From the beginning, the trustees appointed to oversight the Dorrigo Nature Reserves faced a fundamental problem. They had responsibility, but no money.
The first small reserves had been created in 1901, the bigger Mountain Reserve in 1917. A first government grant of £5 was received in 1920. The next grant of £100 from unemployment relief funds did not come until 1933! It would be 1965 before there was enough money to employ the first ranger.
With the only income coming from the lease for grazing of a small portion of land, there was little that the trustees could do beyond some blackberry control and endeavouring to keep paths clear.
This created real governance problems as trustees lost heart, retired or died. Between 1940 and 1949 it appears that the Trust did not meet at all. Then came another of those energising events.
There had been problems with illegal logging and shooting for some time.
In 1949, the Thora sawmill lodged an application to log the park. As local member, Roy Vincent was able to block the application and get the Trust restructured, but in the absence of funding, the Trustees struggled.
In 1954, responsibility for the management of the park was transferred to the Dorigo Shire Council, passing to the Bellingen Shire Council in 1957 following the forced merger of the Dorrigo and Bellingen Shires. A management committee was formed to oversight the park in the place of the Trustees.

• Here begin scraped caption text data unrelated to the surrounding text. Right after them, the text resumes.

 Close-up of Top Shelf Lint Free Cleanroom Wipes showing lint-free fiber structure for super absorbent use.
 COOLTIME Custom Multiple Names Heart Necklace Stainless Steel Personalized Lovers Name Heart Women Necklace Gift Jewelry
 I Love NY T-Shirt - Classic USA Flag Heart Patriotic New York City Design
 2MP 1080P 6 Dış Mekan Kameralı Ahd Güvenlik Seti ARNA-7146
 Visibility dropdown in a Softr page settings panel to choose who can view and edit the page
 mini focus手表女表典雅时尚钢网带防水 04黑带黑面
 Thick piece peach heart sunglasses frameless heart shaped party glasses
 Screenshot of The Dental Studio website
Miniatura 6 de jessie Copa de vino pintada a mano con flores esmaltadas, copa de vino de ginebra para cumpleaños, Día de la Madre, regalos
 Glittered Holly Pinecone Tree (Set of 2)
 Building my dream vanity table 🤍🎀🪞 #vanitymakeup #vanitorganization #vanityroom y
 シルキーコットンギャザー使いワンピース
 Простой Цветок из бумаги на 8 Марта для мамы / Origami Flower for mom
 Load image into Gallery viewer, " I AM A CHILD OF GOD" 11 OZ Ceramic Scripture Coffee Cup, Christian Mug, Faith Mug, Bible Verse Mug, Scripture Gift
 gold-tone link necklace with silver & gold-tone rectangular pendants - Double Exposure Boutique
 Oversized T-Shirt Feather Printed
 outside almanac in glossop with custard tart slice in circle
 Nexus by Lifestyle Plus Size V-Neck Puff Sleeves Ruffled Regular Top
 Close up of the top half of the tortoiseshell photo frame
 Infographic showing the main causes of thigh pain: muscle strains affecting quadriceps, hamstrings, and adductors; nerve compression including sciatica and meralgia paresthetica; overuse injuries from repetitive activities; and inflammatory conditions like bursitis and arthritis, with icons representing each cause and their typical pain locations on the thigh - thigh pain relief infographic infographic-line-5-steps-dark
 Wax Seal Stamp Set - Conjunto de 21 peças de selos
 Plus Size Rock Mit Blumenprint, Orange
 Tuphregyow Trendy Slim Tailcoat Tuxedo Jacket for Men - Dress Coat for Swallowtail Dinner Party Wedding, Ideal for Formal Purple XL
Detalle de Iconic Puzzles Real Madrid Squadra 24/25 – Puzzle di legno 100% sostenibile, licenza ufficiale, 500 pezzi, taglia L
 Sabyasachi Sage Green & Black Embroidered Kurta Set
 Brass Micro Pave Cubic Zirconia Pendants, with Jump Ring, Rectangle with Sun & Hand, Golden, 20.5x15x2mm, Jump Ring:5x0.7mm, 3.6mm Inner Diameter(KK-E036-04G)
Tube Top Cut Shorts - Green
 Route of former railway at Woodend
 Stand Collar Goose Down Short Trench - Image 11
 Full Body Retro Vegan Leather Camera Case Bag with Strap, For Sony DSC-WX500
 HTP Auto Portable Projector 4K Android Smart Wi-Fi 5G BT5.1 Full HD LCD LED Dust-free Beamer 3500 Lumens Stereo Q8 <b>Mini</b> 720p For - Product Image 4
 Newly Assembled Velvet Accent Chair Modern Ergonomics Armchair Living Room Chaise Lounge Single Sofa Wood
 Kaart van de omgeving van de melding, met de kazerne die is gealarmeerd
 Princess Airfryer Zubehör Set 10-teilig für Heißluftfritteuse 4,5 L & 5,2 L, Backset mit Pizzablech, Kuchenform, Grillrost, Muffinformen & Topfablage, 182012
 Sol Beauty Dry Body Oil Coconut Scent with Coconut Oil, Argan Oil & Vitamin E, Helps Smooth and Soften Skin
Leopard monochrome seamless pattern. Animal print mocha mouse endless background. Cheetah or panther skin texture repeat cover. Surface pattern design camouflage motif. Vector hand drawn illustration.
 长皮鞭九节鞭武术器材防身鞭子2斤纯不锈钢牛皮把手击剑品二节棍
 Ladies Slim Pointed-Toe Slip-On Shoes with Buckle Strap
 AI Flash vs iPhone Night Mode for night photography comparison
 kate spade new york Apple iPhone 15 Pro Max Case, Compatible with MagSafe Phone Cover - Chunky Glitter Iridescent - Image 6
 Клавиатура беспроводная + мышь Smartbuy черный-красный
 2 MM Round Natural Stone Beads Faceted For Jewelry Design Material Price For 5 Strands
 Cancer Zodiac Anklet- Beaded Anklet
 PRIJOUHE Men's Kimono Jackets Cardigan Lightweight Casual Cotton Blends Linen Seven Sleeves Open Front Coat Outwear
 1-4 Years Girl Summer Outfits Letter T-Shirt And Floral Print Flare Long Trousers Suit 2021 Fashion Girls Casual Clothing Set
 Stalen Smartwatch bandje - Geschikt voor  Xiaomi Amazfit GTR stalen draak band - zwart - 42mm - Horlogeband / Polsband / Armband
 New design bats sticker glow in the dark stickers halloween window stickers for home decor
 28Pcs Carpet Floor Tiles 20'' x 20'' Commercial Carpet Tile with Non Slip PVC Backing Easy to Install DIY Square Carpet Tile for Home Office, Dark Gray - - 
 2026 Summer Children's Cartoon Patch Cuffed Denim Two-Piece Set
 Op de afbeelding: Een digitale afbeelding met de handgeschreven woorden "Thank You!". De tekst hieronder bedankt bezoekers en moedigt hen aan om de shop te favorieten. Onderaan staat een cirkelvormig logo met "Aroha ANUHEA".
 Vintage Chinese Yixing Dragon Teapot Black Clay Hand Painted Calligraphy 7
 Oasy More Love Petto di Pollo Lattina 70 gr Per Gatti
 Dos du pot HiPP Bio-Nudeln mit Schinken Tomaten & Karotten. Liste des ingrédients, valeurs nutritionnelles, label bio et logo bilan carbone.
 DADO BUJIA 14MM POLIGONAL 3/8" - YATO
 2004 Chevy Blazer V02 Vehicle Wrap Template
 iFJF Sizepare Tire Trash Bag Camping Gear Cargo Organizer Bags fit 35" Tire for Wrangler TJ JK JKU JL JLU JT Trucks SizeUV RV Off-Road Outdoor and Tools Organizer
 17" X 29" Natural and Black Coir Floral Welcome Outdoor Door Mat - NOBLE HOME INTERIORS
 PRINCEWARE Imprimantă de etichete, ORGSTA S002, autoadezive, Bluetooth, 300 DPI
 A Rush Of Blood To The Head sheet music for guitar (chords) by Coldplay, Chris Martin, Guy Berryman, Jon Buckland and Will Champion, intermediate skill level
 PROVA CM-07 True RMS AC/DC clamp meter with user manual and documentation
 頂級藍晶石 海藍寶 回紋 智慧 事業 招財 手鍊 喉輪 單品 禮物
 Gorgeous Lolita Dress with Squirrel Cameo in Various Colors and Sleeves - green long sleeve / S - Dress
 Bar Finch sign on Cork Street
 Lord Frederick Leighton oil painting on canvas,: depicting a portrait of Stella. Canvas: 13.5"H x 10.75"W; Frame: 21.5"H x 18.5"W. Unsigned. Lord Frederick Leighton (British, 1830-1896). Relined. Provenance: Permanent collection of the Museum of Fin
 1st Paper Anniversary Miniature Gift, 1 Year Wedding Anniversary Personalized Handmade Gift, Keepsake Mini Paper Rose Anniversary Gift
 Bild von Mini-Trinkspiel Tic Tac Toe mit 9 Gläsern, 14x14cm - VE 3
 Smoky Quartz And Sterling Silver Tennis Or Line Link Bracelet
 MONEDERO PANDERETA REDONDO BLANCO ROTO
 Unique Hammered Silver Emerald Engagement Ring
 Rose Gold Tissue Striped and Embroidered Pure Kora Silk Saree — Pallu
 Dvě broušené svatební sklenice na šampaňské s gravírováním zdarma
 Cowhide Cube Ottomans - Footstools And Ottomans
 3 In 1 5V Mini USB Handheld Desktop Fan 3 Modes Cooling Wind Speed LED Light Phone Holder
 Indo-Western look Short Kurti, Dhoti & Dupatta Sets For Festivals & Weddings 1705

The merger of the two shires created bitter resentment on the Dorrigo Plateau Locals believed that they had little in common with the coast and that the merger would submerge their interests to their cost. This resentment turned into direct action when the Bellingen Shire Council recommended that logging be allowed in the park.
Local solicitor Ray Spinaze led the Dorrigo response.
Born in 1914, Spinaze was a descendent of the Veneto (Italian) families who had been attracted to the South Pacific by the ill-fated dreams of the Marquis de Rays. When that failed, the survivors established New Italy between Byron Bay and Grafton, now a significant tourist destination.
Spinaze had been dux of Lismore High School and then trained as a solicitor. On the boat to Sydney for exams, much coastal travel was still done by steamer, he met Georgina Cochrane. The couple married in 1941 and then settled in Dorrigo where Spinaze had bought a practice.
Spinaze's campaign blocked any attempt to log the Park. Because of the tensions between the park management committee and council, responsibility for the park's management was taken away from the Bellingen Shire Council and given back a newly reconstituted Trust.
The Park as we know it today had been born.